Social learning happens when we talk, discuss, and share; it is key when retaining new knowledge. In our digital era, there are plenty of ways to integrate social learning in organizations.
Do you learn best on your own or along with other people?
Learning by yourself might seem more flexible, but social learning is still fundamental when we want to make knowledge stick.
What is Social Learning?
Definition: Social learning is learning behavior controlled by environmental influences rather than internal forces. The father of social learning theory is Albert Bandura, and he says we learn by observing others, which he explored in his Bobo Doll experiments.
In other words, Social learning happens when you observe others but also when you discuss, talk, and share learnings with each other. And this has clear benefits.
If you engage in a group discussion, you can retain 50 percent of what you just learned, and if you teach it to someone else, you can retain 90 percent of the learning.
But social learning is so much more.
When you share and discuss learning, you may find new perspectives and learn even more.
When we talk about digital social learning tools, they can, for example, boost course completion. Harvard Business School's Online Education experienced course completion increasing to 85 percent when social learning was introduced.
Digital social learning is actually more common than you probably think and is a great benefit in modern employee development.
How to Integrate Digital Social Learning
In our everyday lives, we engage in digital social learning all the time. An example could be when we want to learn how to boil an egg correctly. What do you do? You turn to Google, Facebook or YouTube - of course.
Here, you watch a video another person uploaded on how to boil an egg, or you might share with your friends in a Facebook Messenger chat what you yourself think is the right time to boil an egg and see what they say is the right time.
Facebook itself is actually the key when looking at social learning in a digital learning organization.
Our ways of working have changed. We work more flexible hours, from home, and from separate locations. Everything moves in a more digital direction, and the classic social learning scenario, the discussion by the coffee maker, happens rarely.
Here, a Facebook-kind-of-platform comes in handy in a social learning context, because you still need the social part of learning, even though our ways of working change.
Remember the 70-20-10 model. Here, 20% of learning is when you engage in dialogue with your co-workers and learn more about the topic at hand.
Specific Channel or Group
Back to Facebook. Here, you probably have tons of groups and Messenger channels concerned with different topics with all kinds of people. If you take this and put into a corporate learning perspective, one way to do it could be creating a certain group or channel within your LMS (Learning Management System) or Learning Platform.

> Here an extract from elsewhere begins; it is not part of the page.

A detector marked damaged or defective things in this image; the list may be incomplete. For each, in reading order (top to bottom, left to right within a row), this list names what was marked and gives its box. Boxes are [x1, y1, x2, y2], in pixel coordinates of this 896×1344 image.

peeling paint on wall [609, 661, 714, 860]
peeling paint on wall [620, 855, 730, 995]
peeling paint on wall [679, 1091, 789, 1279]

Maybe a new group of people start at the same time at your company, and in that channel/group they will be able to share their experiences and knowledge with one another.
In that way, they can talk, learn, and interact about the process and create a shared community - even though they are not sitting together.
From Facebook to Social Learning Wall
In Learningbank's platform, we use a social learning wall that we now call Feed. With the feed, you combine a push and pull strategy for your learning content.
Push learning is a top-down, management-driven approach that sends people to formal training events where they receive nice-to-know information—as in, it will be nice to know someday.
Pull learning is a learner-driven, bottom-up approach that enables people to access the information they need when and where it is needed.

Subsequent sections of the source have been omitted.